Without any pictures, retype exactly the lines from the one with "Alkoholischer cocktail mit" through the final line of the records.

Scraped caption text data:
━━━━━━━━

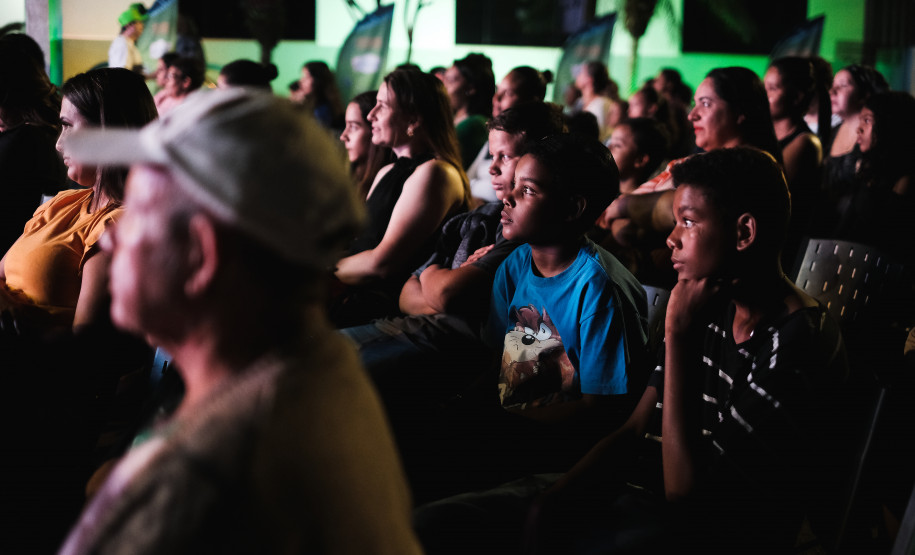 Projeto Cinema na Praça exibe filmes gratuitos para 40 mil pessoas em três meses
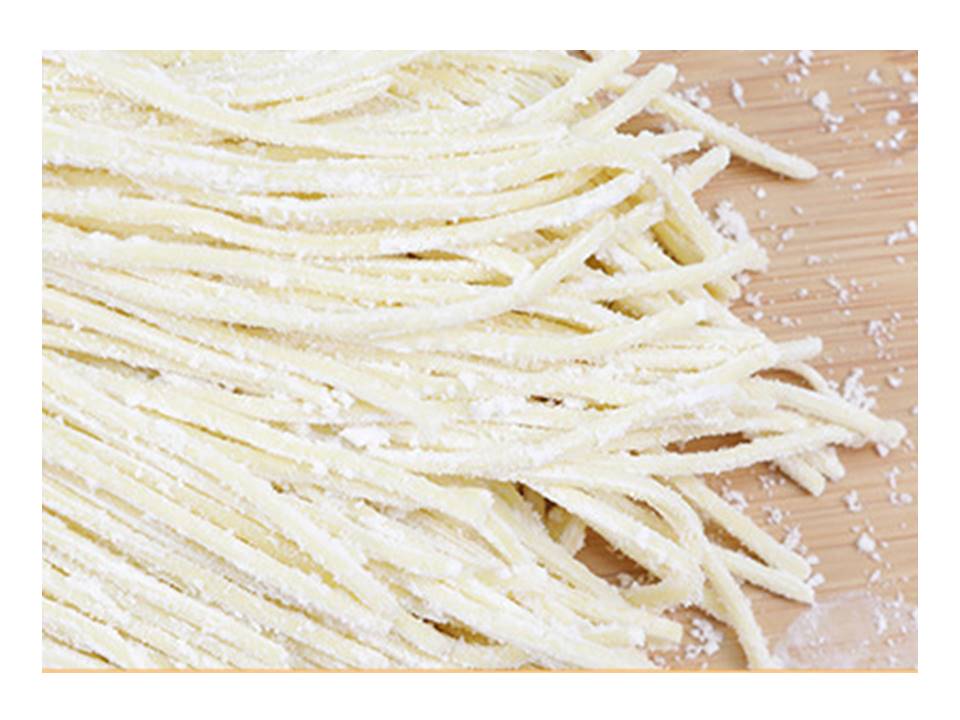 Fresh Knife-Cut Noodles (Kalguksu) — 1.4 kg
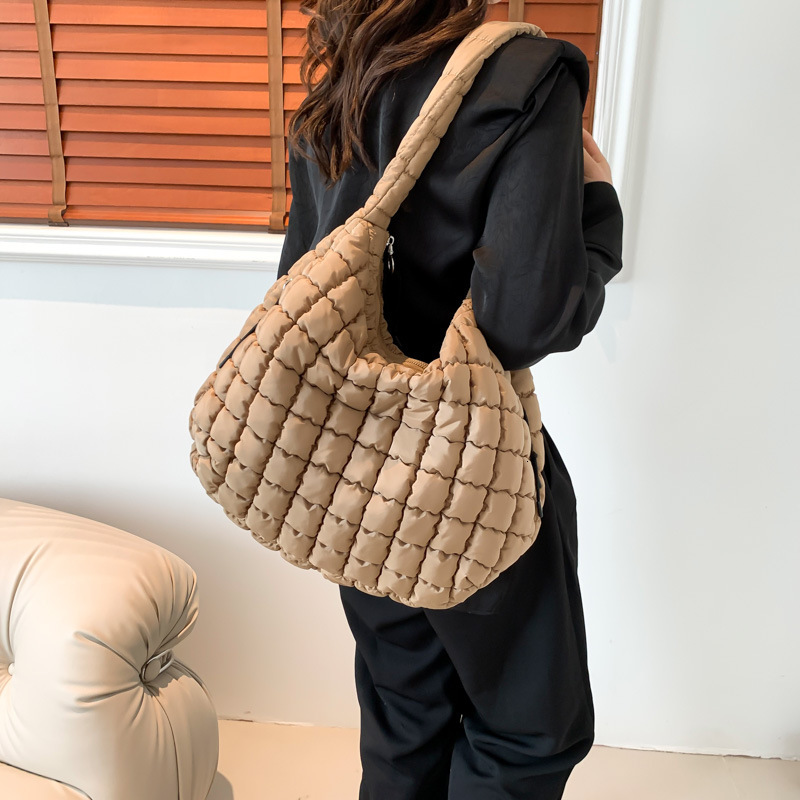 Folded Cloud Fashion One Shoulder Handheld Dumpling Large Capacity Down Cotton Underarm Women's Bag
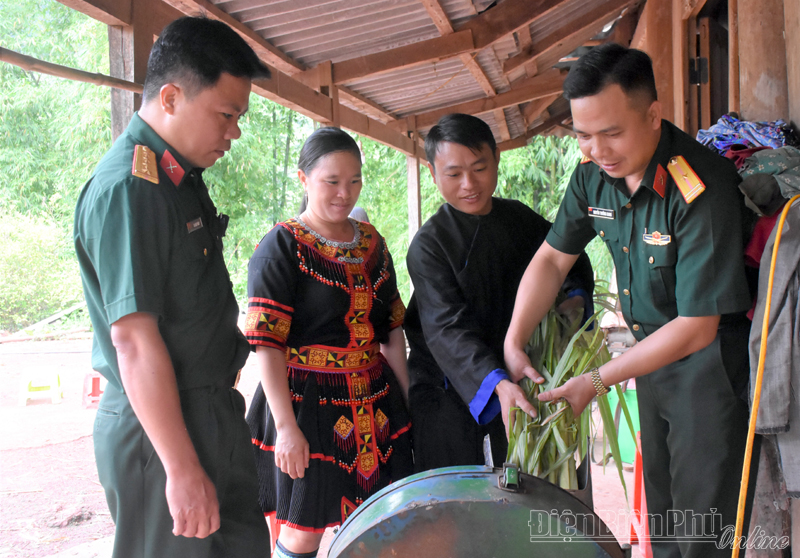Xây dựng lực lượng vũ trang huyện Nậm Pồ vững mạnh, toàn diện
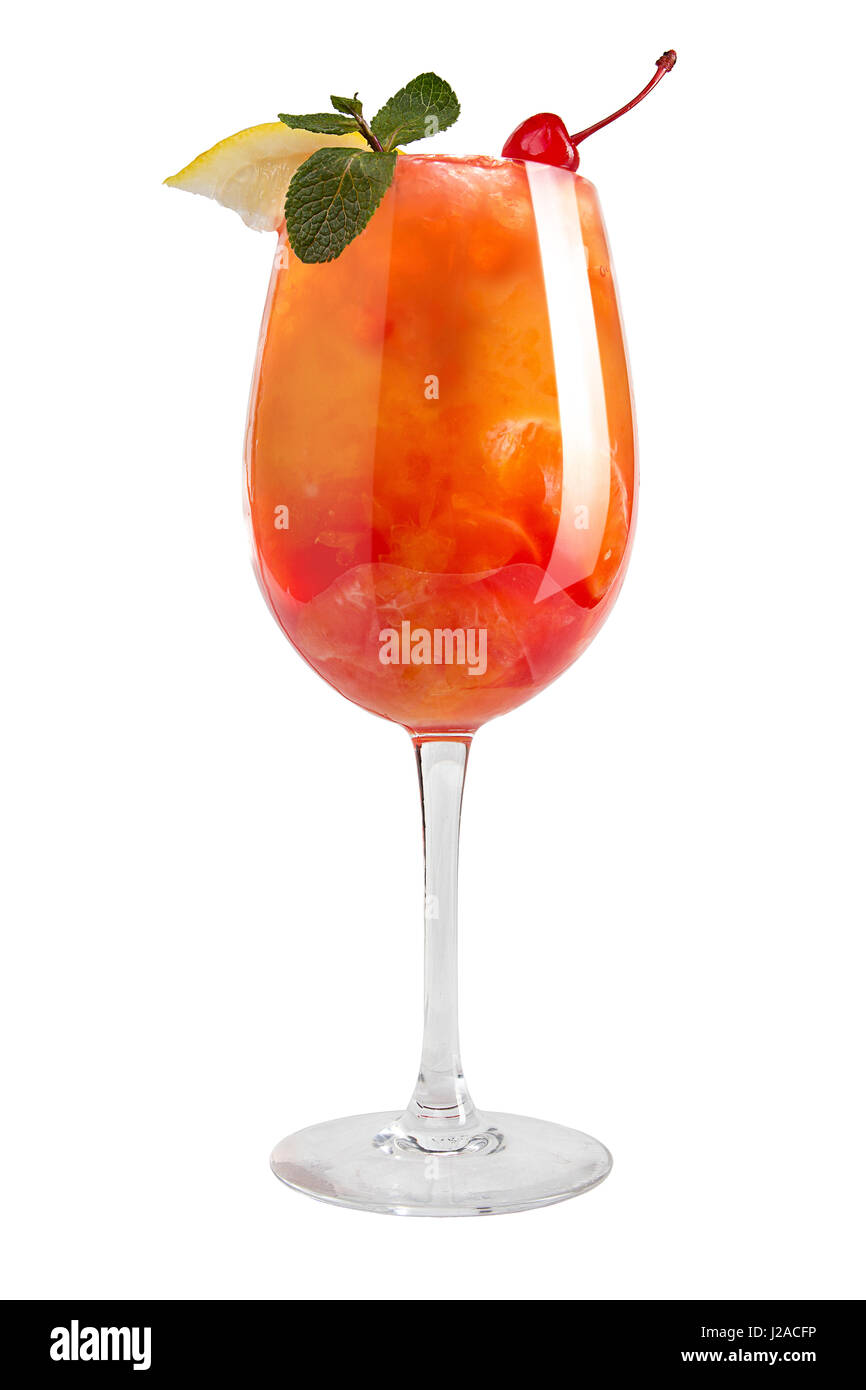 Alkoholischer cocktail mit Fruchtsaft und Maraschino Cherry rot Stockfoto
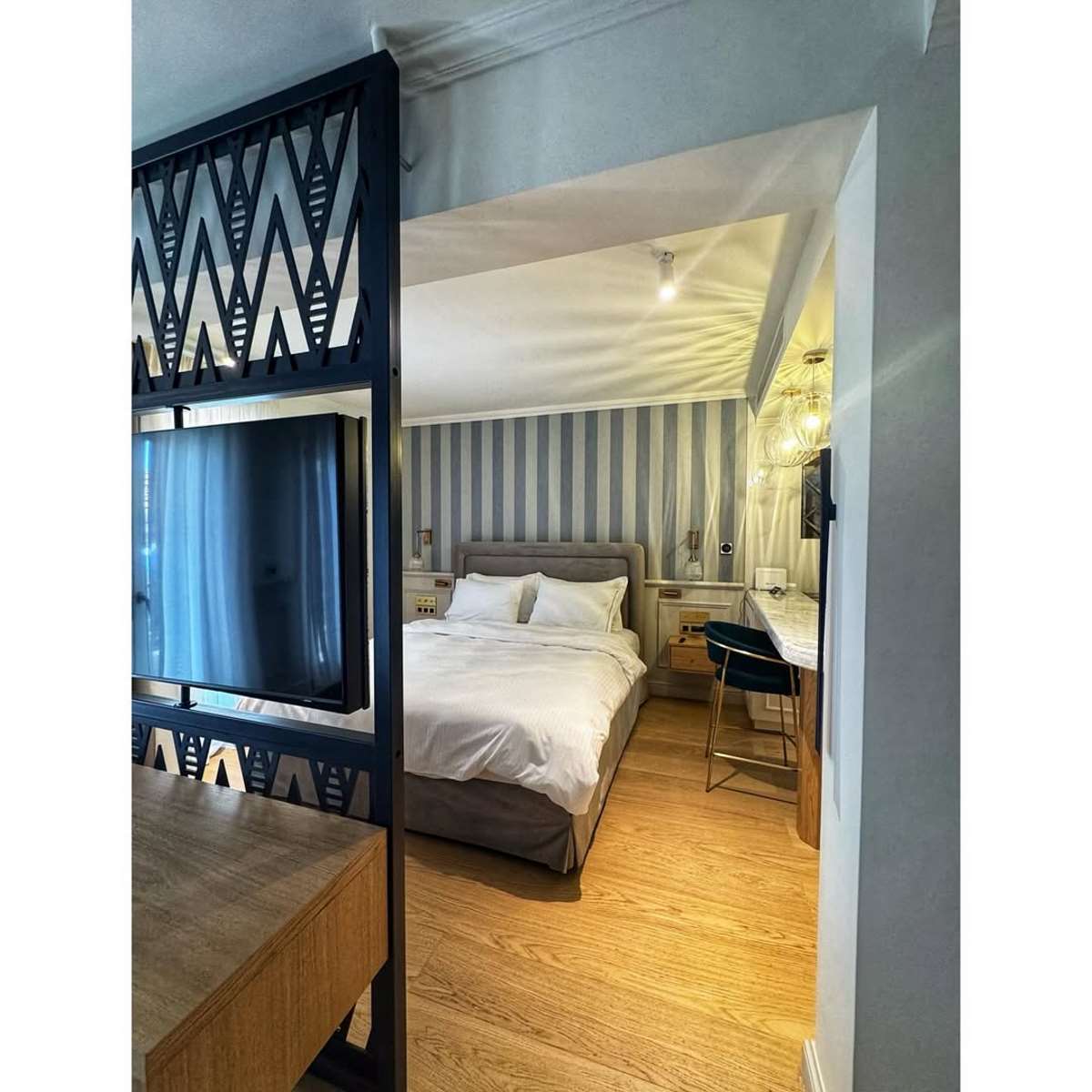 Apollon Library Suites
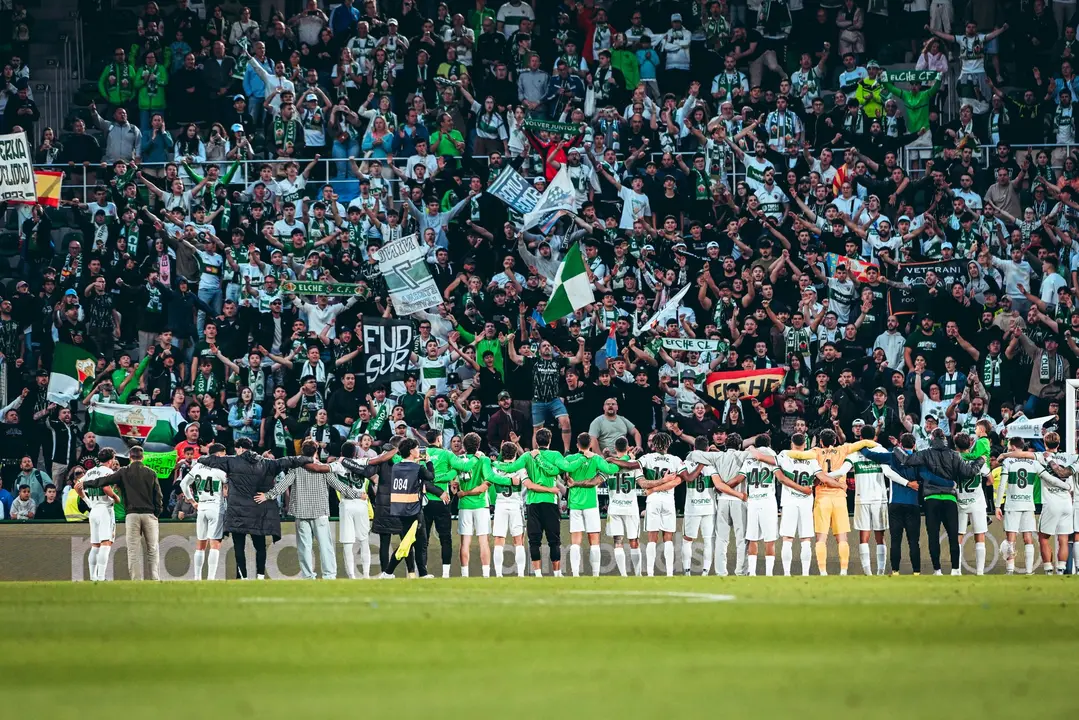 Los jugadores del Elche celebrando junto a su afici&oacute;n la victoria ante el Getafe / Elche CF v&iacute;a X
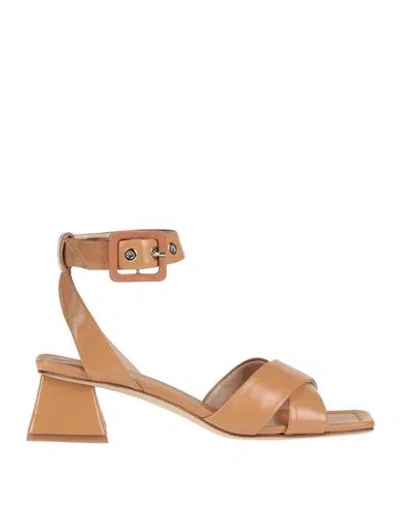 Fabi Woman Sandals Light Brown Size 9 Leather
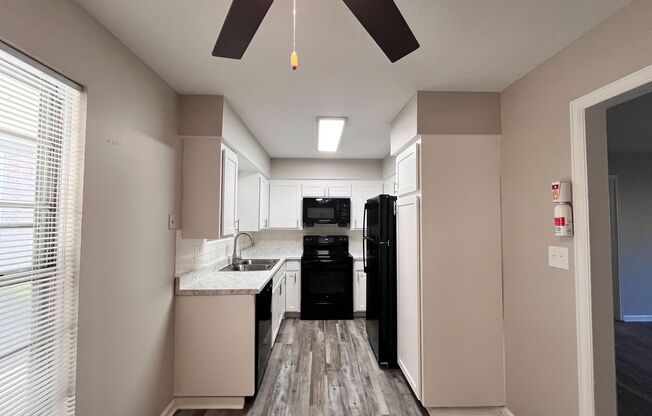 Studio, 1 bath, 583 sqft, $1,080, Unit 03203
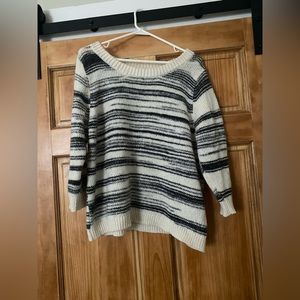 Old Navy, size XL. White and black stripes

━━━━━━━━

Result of this exercise:
 Alkoholischer cocktail mit Fruchtsaft und Maraschino Cherry rot Stockfoto
 Apollon Library Suites
 Los jugadores del Elche celebrando junto a su afici&oacute;n la victoria ante el Getafe / Elche CF v&iacute;a X
 Fabi Woman Sandals Light Brown Size 9 Leather
 Studio, 1 bath, 583 sqft, $1,080, Unit 03203
 Old Navy, size XL. White and black stripes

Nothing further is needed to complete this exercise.